Dataset entries:

::::::

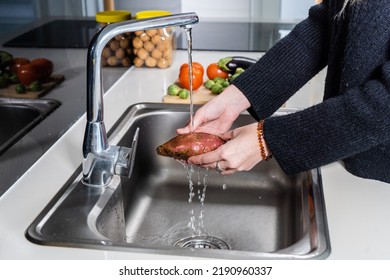 Unrecognizable young woman hands cleaning a sweet potato under water in a home kitchen, in the background there are vegetables. Kitchen concept - Powered by Shutterstock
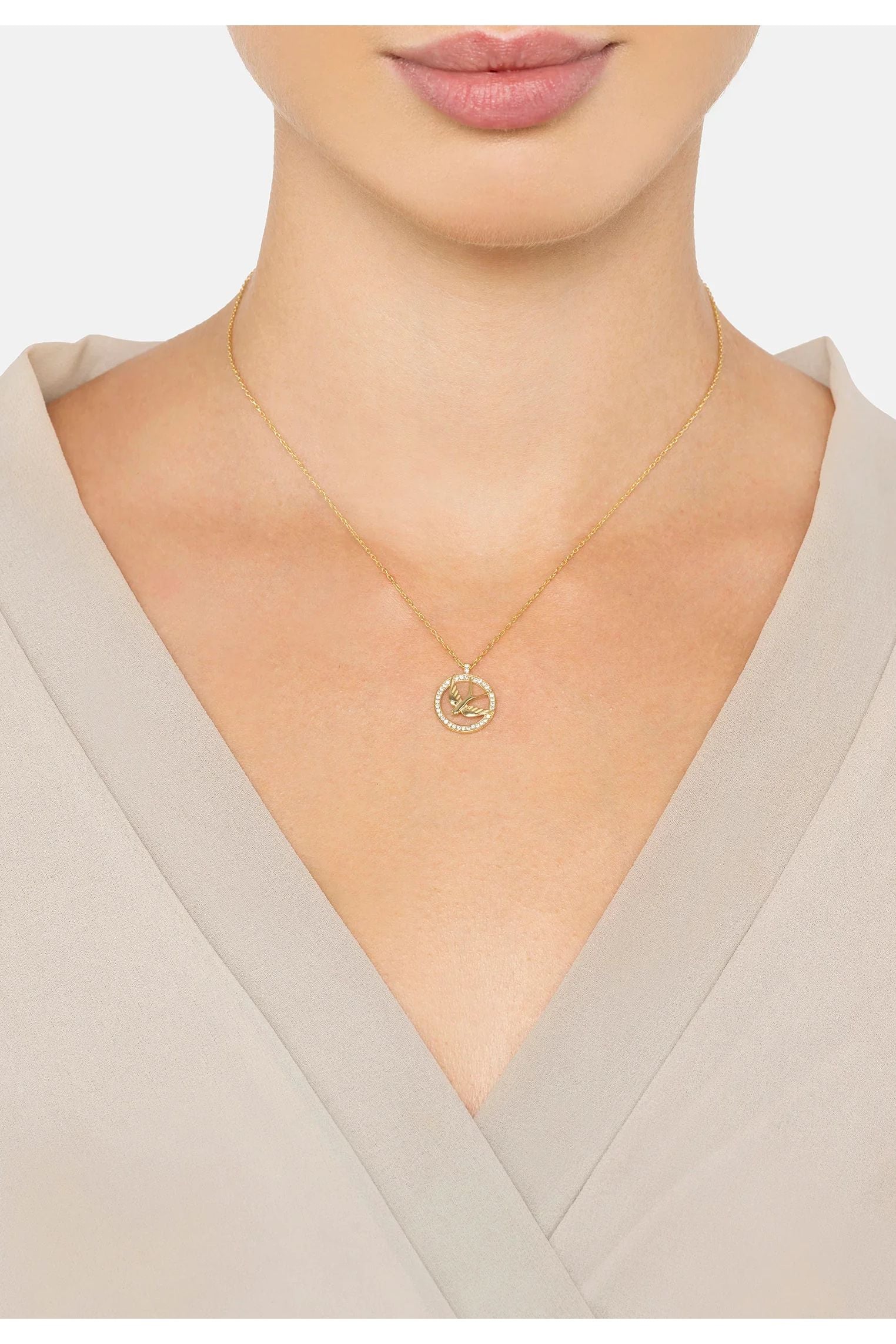 The necklace worn by a model.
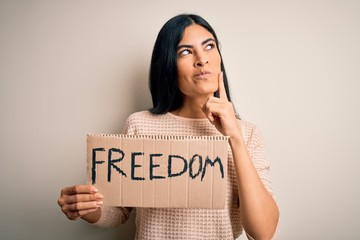 Young beautiful hispanic woman holding protest banner of freedom asking for liberty serious face...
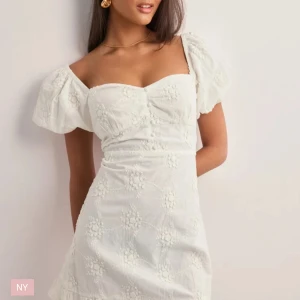 Vit blommig klänning - Charmig vit klänning med blommigt mönster och puffiga kortärmar. Den har en söt volangdetalj vid fållen och en smickrande passform. Perfekt för somriga dagar.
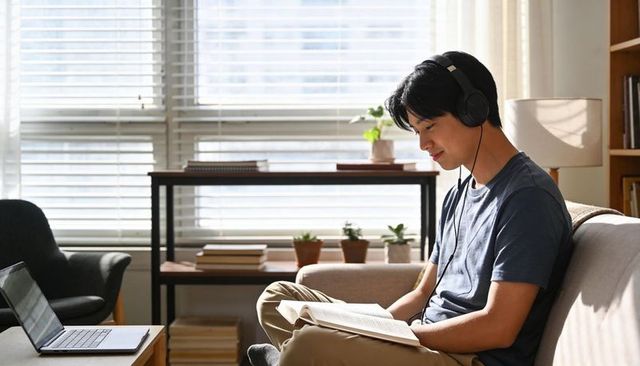 Asian student reading with headphones on sofa at home with laptop and sunlight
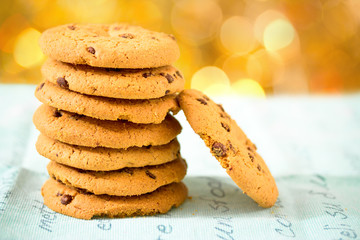 chocolate chip cookies on blue table set with bokeh background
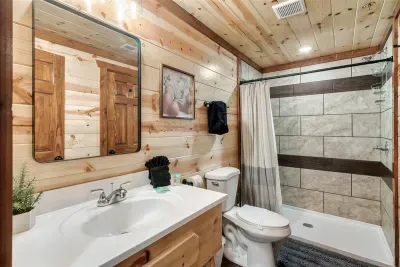 Full private bathroom with soaking tub, vanity, and tile surround — everything your group needs, nothing shared with strangers. Clean, complete, and cabin-charming.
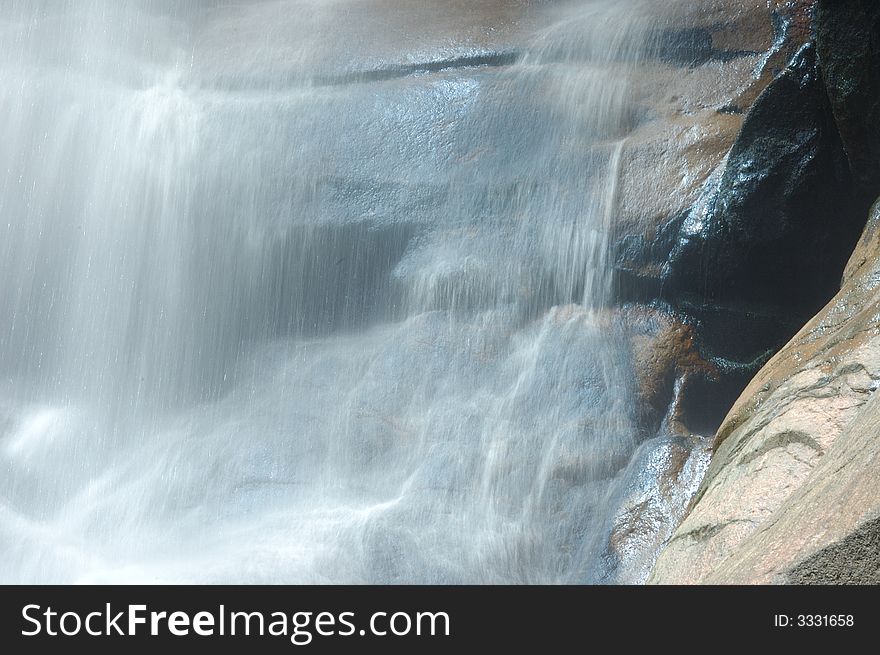 A waterfall in the mountain , China. A waterfall in the mountain , China.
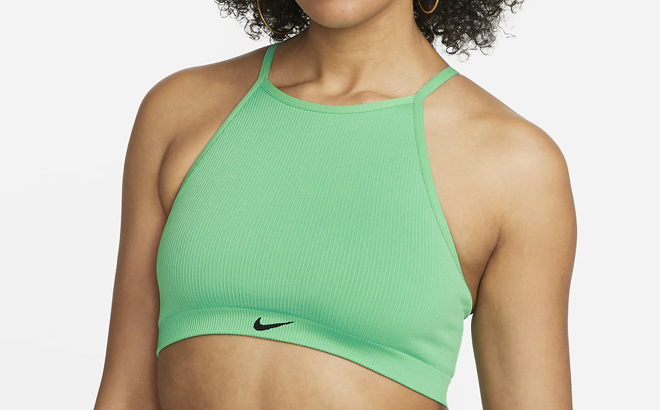 Woman Wearing Nike Indy Seamless Ribbed Light Support Non Padded Sports Bra Woman Wearing Nike Indy Seamless Ribbed Light Support Non Padded Sports Bra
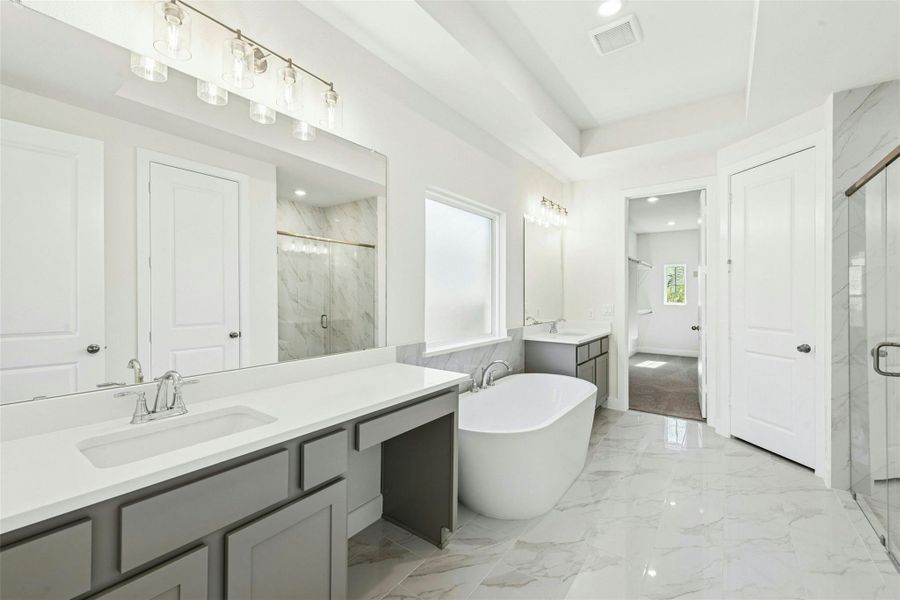 Bathroom featuring two vanities, a marble finish shower, light marble finish floors, a freestanding tub, and recessed lighting
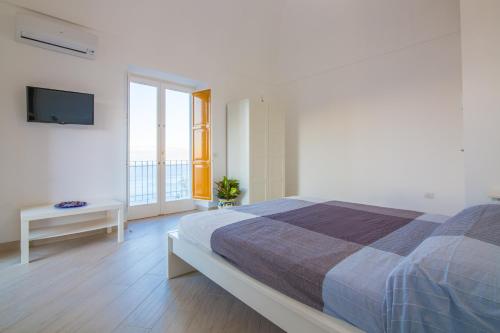 a bedroom with a large bed and a television at Villa Mariagiovanna - Casa Giovanna in Vico Equense
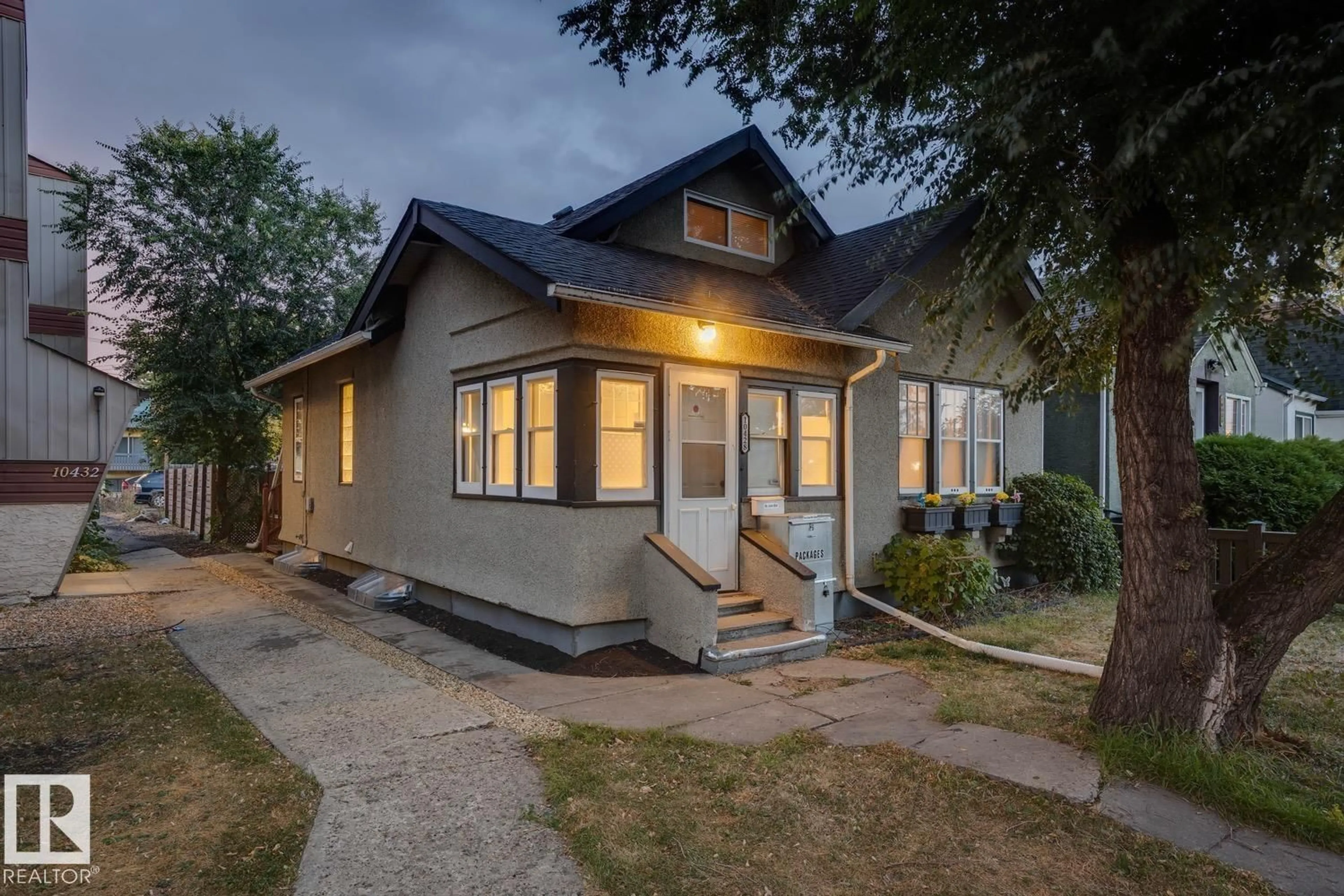 Home with vinyl exterior material, street for 10428 76 AV, Edmonton Alberta T6E1L1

::::::

YOUR GOAL:
The lines above starting at the one that holds "Vit blommig klänning" and ending at the one that holds "Sports Bra Woman" are to be written out exactly, ends included, and no pictures are to be copied.

RESPONSE:
 Vit blommig klänning - Charmig vit klänning med blommigt mönster och puffiga kortärmar. Den har en söt volangdetalj vid fållen och en smickrande passform. Perfekt för somriga dagar.
 Asian student reading with headphones on sofa at home with laptop and sunlight
 chocolate chip cookies on blue table set with bokeh background
 Full private bathroom with soaking tub, vanity, and tile surround — everything your group needs, nothing shared with strangers. Clean, complete, and cabin-charming.
 A waterfall in the mountain , China. A waterfall in the mountain , China.
 Woman Wearing Nike Indy Seamless Ribbed Light Support Non Padded Sports Bra Woman Wearing Nike Indy Seamless Ribbed Light Support Non Padded Sports Bra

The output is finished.